これまでの中城家の無礼に対して、田崎家の反撃が始まった
という展開。

何も知らないのに勝手に想像しては翔太のことを傷つけて来た
人たちへの反撃と見るとそれなりに気分も晴れやかに見ること
が出来るのかも知れないが、内容はとてもデリケートな事だし、
結婚に対して反対する気持ちも全く分からない感情ではない
所を見るとやはりスッキリとした感情が生まれてこないのが
正直なところ。

何時、どんな時、加奈が事実を公表するのかがドラマとしての
興味の示すところ。
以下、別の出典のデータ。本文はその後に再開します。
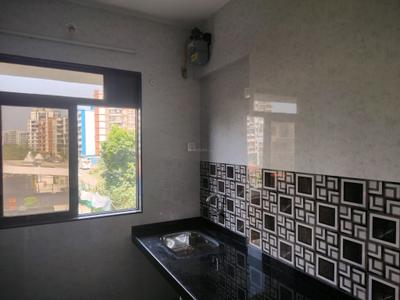 Kitchen Image of 535 Sq.ft 1 BHK Apartment / Flat for rent in Bhakti Park, Kasarvadavali Thane for Rs. 16999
有る意味ではこの件で翔太の立場が悪く
なるほどにドラマとしては盛り上がるし、話した後のリアクシ
ョンがドラマとしての最大の面白さを描いた場面でもある。

冒頭の藤本に語る辺りのシーンで猫の件を絡ませた辺りは
それなりにやりたい意図は察するのだが、やや効果的には薄く
無駄な感じにも見える。

前半は翔太が無精子症ではないのかと疑う展開になり、父親
たちが容易に息子に尋ねられない辺りの展開がとてもよく
描かれた。これを母親に聞かせにいくという所が面白い所だし
必要以上に詮索しない態度に好感が持てる。

結婚を意識した間柄ならは、加奈が重夫と有ったり、
静江が四郎に有ったりするのも自然なのかな。
シチュエーションとしてはとても面白いわけで、この組み合わせ
次第で色んな興味深さが存在するところが良く描けている。

結局三度目の診察でも加奈は産めないと分かった。
ここでこの事実がひっくり返ると展開の安易さを感じてシラ
けるけど、流石それはなくて良かった。

四郎が最後仕返しとばかりに静江に放つ言葉。
今のご時世だと孫の結婚にあれこれ口を挟むのはナンセンス
にも思えるけど、四郎が長々と語る自らの生い立ちがとても
効果的に使われ、自らの生きた証しを残したいとする気持ちも
全く分からない感情でもなかったところが良くできたところかな。

中城加奈(29) - 仲間由紀恵 (娘:業務用厨房機器販売)
中城桂(50) - 戸田恵子 (母:人形教室)
中城朋也(54) - 岸部一徳 (父:サラリーマン)
中城静江(76) - 八千草薫 (祖母)
田崎翔太(31) - 加瀬亮 (息子:左官)
田崎重夫(54) - 風間杜夫 (父:水道局勤務)
田崎四郎(77) - 井川比佐志 (祖父:左官)

藤本誠(50) - 陣内孝則 (妻・娘を火事で亡くす)
安藤律子(48)- キムラ緑子 (翔太の母。離婚)
神戸幸作(42) - 松重豊 (左官)
時枝春美(25) - 黒坂真美 (加奈の同僚)
妙 - 宮田早苗 (スナックのママ)
権藤(53) - 塩見三省 (警察官)

宮坂あゆみ、喜多道枝、山口詩史、山口みよ子、野元学二
住吉怜奈、みわ優子、海島雪、河本千明

評価:★★★★★☆☆☆☆☆ (5.0)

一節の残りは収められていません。